Scraped caption text data
::::::::
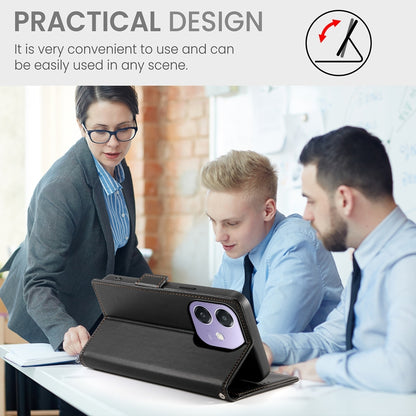 OPPO A3 4G/5G Magnetic Leather Wallet Case with Card Slots, Stand Function & Full Protection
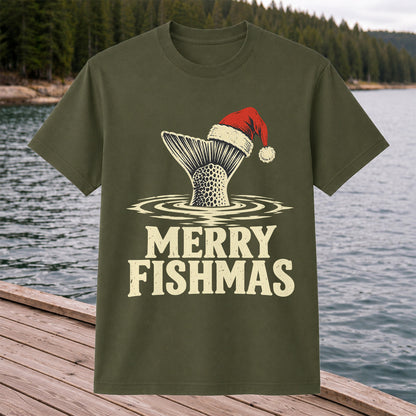 Merry Fishmas Santa Hat Trout Fishing Graphic T-Shirt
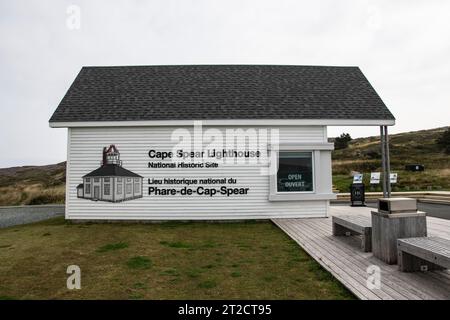 Panneau de bienvenue du lieu historique national du phare de Cape Spear à St. John's, Terre-Neuve-et-Labrador, Canada Banque D'Images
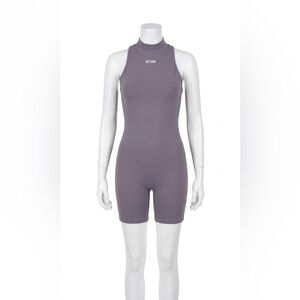 Better Me BTTRM Mauve Taupe Mock Neck Zip-Back Sleeveless Romper Women’s Medium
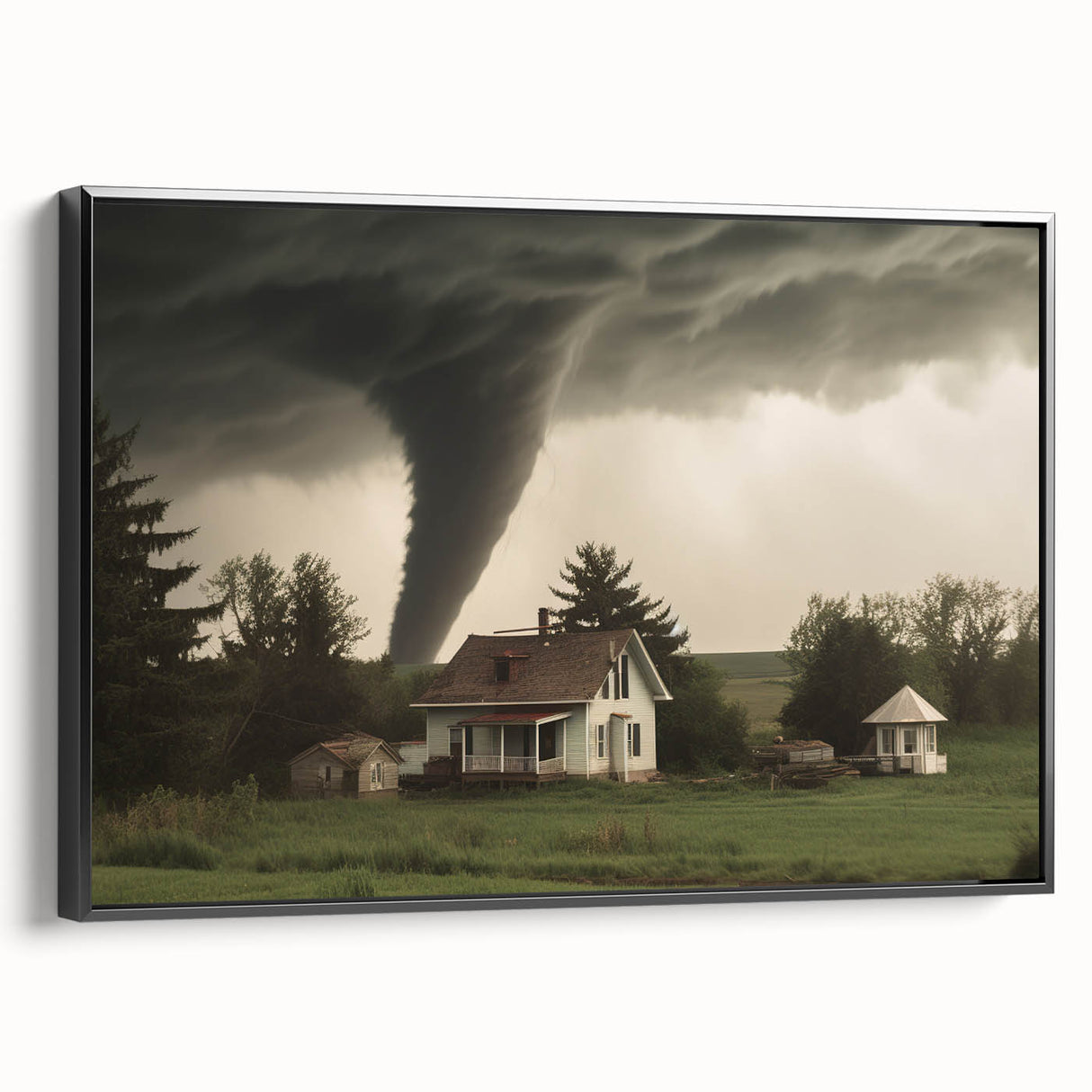 Tornado Approaching Farmhouse - Earthy Phenomena Wall Art Print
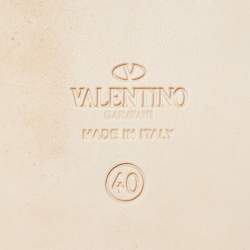 Pre Owned Valentino Light Orange Leather And Lace Espadrille Flats Size 40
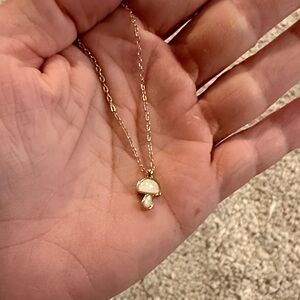 Opal Gold Mushroom Pendant Necklace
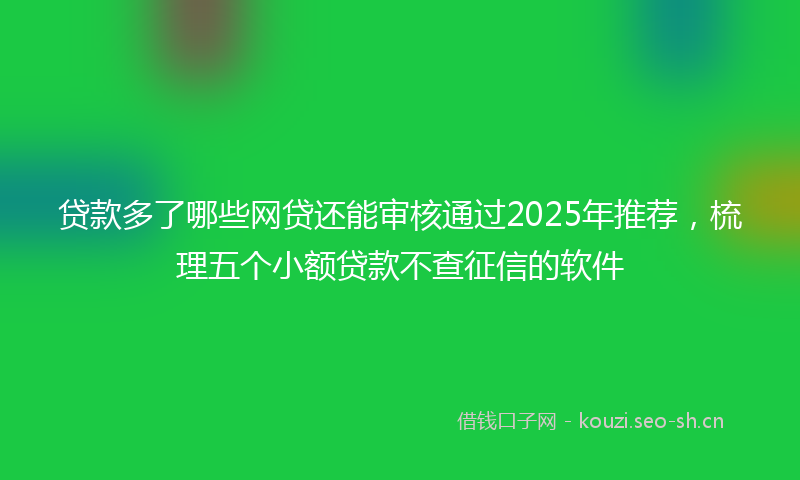 贷款多了哪些网贷还能审核通过2025年推荐，梳理五个小额贷款不查征信的软件
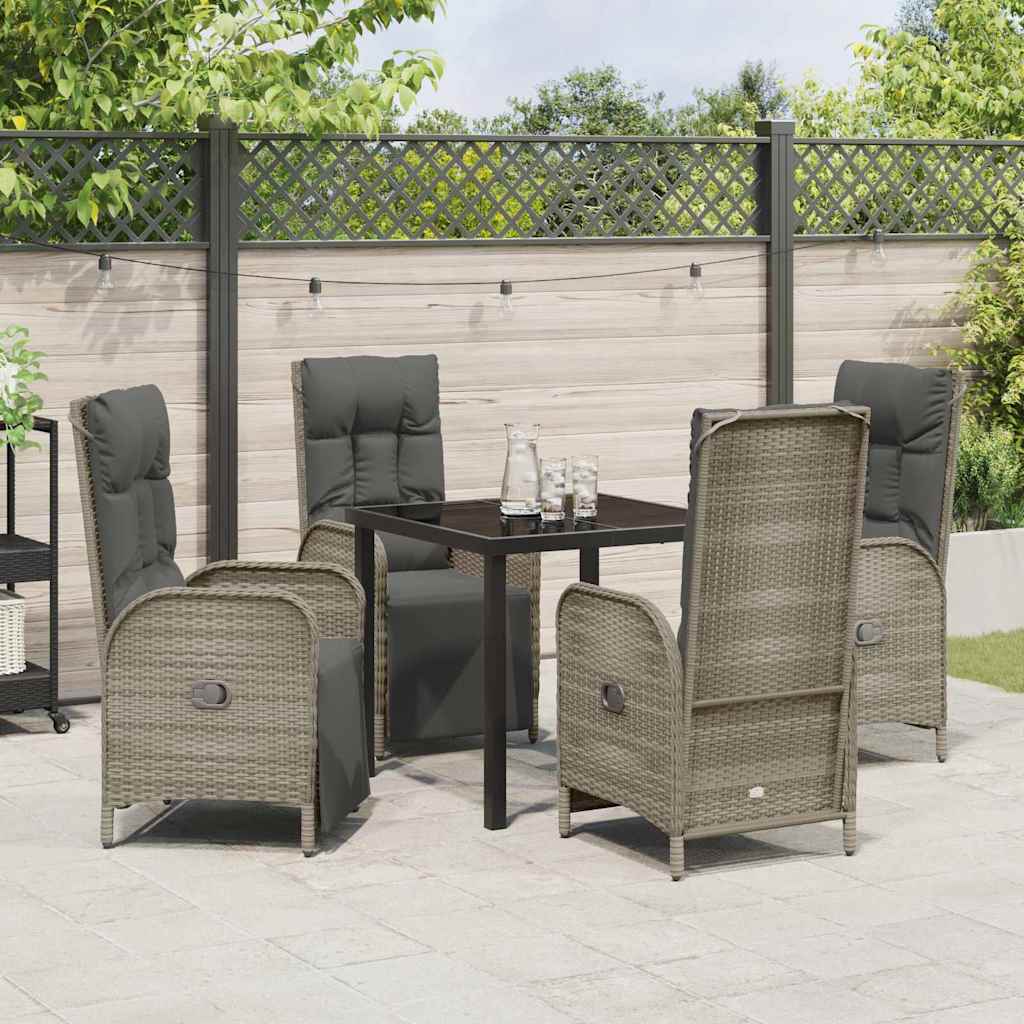 Set da Pranzo per Giardino con cuscino 5 pcs Grigio Poly Rattan - homemem39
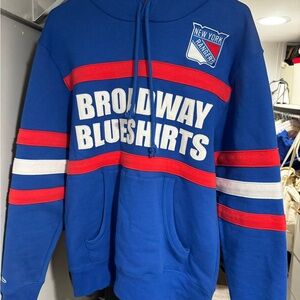 Mitchell & Ness Blue and Red Broadway Blueshirts Hoodie Sz M unisex NEW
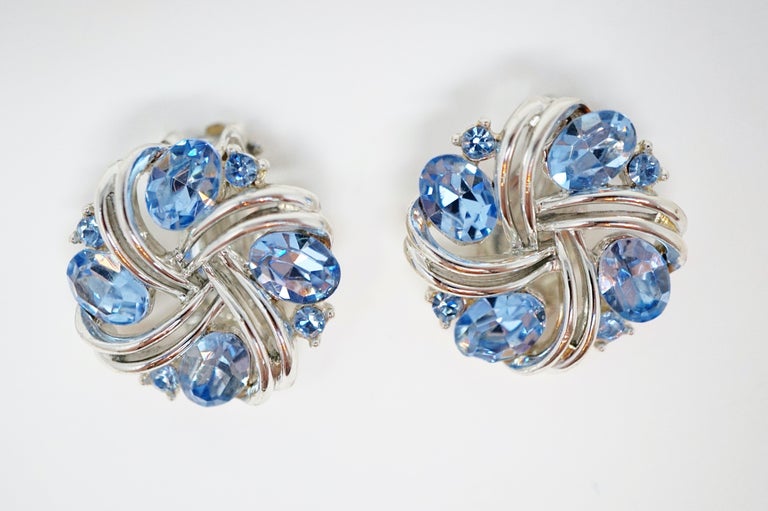 Lisner Vintage Baby Blue Crystal Earrings, circa 1955 at 1stDibs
::::::::
• **What to do**: The line containing "Opal Gold Mushroom Pendant Necklace" marks the start: set down exactly that line and every line after it through the last line of the data, without any pictures.

• **Result below**:
 Opal Gold Mushroom Pendant Necklace
 贷款多了哪些网贷还能审核通过2025年推荐，梳理五个小额贷款不查征信的软件
 Set da Pranzo per Giardino con cuscino 5 pcs Grigio Poly Rattan - homemem39
 Mitchell & Ness Blue and Red Broadway Blueshirts Hoodie Sz M unisex NEW
 Lisner Vintage Baby Blue Crystal Earrings, circa 1955 at 1stDibs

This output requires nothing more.